(AIM OF THE EXERCISE): For the material below, return exactly the lines starting at the one holding "朱正廷戴帽架眼镜难掩帅气容颜,表情呆萌似美少年" and ending at the one holding "Fazenda diminui projeção", counting both as part of the range.
== Segment start ==
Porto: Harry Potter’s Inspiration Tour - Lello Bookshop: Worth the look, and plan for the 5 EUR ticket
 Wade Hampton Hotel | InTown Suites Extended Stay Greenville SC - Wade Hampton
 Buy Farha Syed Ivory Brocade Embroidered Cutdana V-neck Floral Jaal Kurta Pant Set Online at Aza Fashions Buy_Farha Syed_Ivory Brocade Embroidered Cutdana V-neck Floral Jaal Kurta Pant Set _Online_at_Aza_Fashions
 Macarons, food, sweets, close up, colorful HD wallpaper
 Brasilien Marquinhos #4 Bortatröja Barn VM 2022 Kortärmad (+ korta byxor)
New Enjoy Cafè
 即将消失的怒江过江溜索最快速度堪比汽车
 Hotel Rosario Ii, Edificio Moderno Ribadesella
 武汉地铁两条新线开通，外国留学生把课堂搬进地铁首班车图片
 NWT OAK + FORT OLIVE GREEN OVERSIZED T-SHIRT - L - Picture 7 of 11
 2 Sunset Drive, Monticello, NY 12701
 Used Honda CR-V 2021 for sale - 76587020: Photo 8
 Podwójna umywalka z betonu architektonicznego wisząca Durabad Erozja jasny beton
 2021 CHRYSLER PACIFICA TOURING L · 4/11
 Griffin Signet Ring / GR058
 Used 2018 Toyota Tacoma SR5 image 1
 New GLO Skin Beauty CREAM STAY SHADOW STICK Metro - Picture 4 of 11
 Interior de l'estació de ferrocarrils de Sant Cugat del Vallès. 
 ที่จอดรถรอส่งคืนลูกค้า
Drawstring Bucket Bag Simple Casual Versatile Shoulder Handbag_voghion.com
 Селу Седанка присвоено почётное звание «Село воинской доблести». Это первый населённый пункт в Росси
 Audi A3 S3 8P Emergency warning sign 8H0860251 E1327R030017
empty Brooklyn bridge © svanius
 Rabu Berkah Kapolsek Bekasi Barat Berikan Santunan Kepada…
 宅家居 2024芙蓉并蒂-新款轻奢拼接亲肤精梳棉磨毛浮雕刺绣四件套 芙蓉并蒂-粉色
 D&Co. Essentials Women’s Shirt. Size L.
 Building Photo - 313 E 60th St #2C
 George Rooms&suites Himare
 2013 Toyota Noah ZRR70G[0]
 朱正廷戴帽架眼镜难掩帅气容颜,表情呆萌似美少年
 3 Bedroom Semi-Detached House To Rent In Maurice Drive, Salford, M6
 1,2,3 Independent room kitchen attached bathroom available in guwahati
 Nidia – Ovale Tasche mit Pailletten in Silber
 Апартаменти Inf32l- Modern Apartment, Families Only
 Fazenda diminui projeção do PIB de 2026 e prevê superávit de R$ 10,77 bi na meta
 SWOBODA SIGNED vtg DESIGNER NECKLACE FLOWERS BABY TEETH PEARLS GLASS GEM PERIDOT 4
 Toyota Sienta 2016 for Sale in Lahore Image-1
== Segment end ==
(RESULT OF THE EXERCISE):
 朱正廷戴帽架眼镜难掩帅气容颜,表情呆萌似美少年
 3 Bedroom Semi-Detached House To Rent In Maurice Drive, Salford, M6
 1,2,3 Independent room kitchen attached bathroom available in guwahati
 Nidia – Ovale Tasche mit Pailletten in Silber
 Апартаменти Inf32l- Modern Apartment, Families Only
 Fazenda diminui projeção do PIB de 2026 e prevê superávit de R$ 10,77 bi na meta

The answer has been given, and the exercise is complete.